Deux leadeurs en Australie
Sauf que, cette année, promis, « l’équipe est vraiment batie autour des deux, Van Aert et Evenepoel, nous assure l’ancien sélectionneur belge Carlo Bomans. On a deux leadeurs. Je pense que le coach va tout faire pour que les deux soient sur un pied d’égalité. » « Pour le moment, c’est la paix des braves, ajoute Sébastien Close, journaliste belge au quotidien Le Soir, présent en Australie. On sent qu’il y a consensus et que le coach national n’a cessé de répéter que les deux coureurs étaient compatibles, qu’ils étaient tous les deux leaders. »
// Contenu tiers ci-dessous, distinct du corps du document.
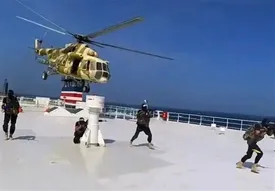 یمنی‌ها خطر ویرانگر برای اسرائیل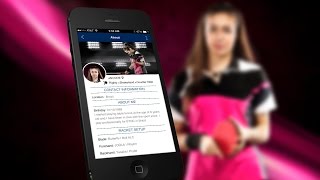 The PongUniverse Mobile App screenshot 5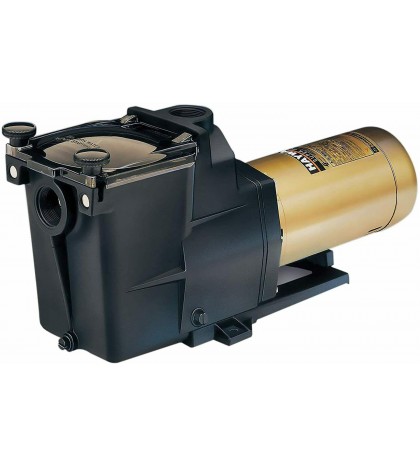 Hayward SP2607X10 Super Pump 1 HP Pool Pump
On la connaît, cette stratégie de l’autruche. Il y en a qui ont essayé. Alors, comment faire pour que deux gros coureurs cohabitent dans la même équipe pour le bien commun d’un pays ? « La priorité va être la cohésion, s’il n’y en a pas, ils vont avoir des problèmes, relève Axel Merckx, fils de, aujourd’hui manager général de l’équipe Axeon Hagens Berman. Il va falloir qu’ils s’entendent et se mettent d’accord sur une tactique de course à avoir pour avoir un champion du monde belge. Qu’il y ait de l’honnêteté envers l’un et l’autre. »
Prendre l’exemple de Valkenburg, en 2012
Ce n’est pas la première fois que la Belgique va se retrouver avec plusieurs leaders au départ d’un Mondial. Si ça n’a pas toujours fonctionné, nos chers voisins pourront toujours se rappeler au doux souvenir de Valkenburg, en 2012, où Philippe Gilbert avait décroché le Graal, alors que Tom Boonen et Greg Van Avermaet étaient dans l’équipe. Carlo Bomans, qui était le manageur belge à l’époque, se souvient :
Avant la course, un coureur comme Boonen ou Van Avermaet savait ce qu’il devait faire et ce que j’attendais de lui selon comment évoluait la course. On en avait parlé avant la course et, pendant, on n’a pas eu besoin de s’expliquer, tout était clair. Tom s’est mis au service de Philippe, et il est devenu champion du monde. »
Alors, quel est le scénario rêvé pour la sélection du plat pays ? « Tout est fait pour que les deux collaborent au mieux et que la Belgique utilise les deux armes qu’elle a en fonction de la tactique de course, conclut Sébastien Close. Ça me paraît évident que, s’il y a une arrivée groupée, ça sera pour Van Aert, et que le rôle d’Evenepoel sera de tout faire péter à deux trois tours de la fin. Mais je ne pense pas qu’on puisse voir Remco partir aussi tôt dans la course, comme l’année dernière. » Non, il attendra juste les 70 derniers kilomètres et roulera pour son coéquipier à la Quick Step, Julian Alaphilippe. Dès lundi, la devise de la Belgique en sera même changée. « Eendracht maakt macht » ou « L’union fait la force », qu’ils disaient.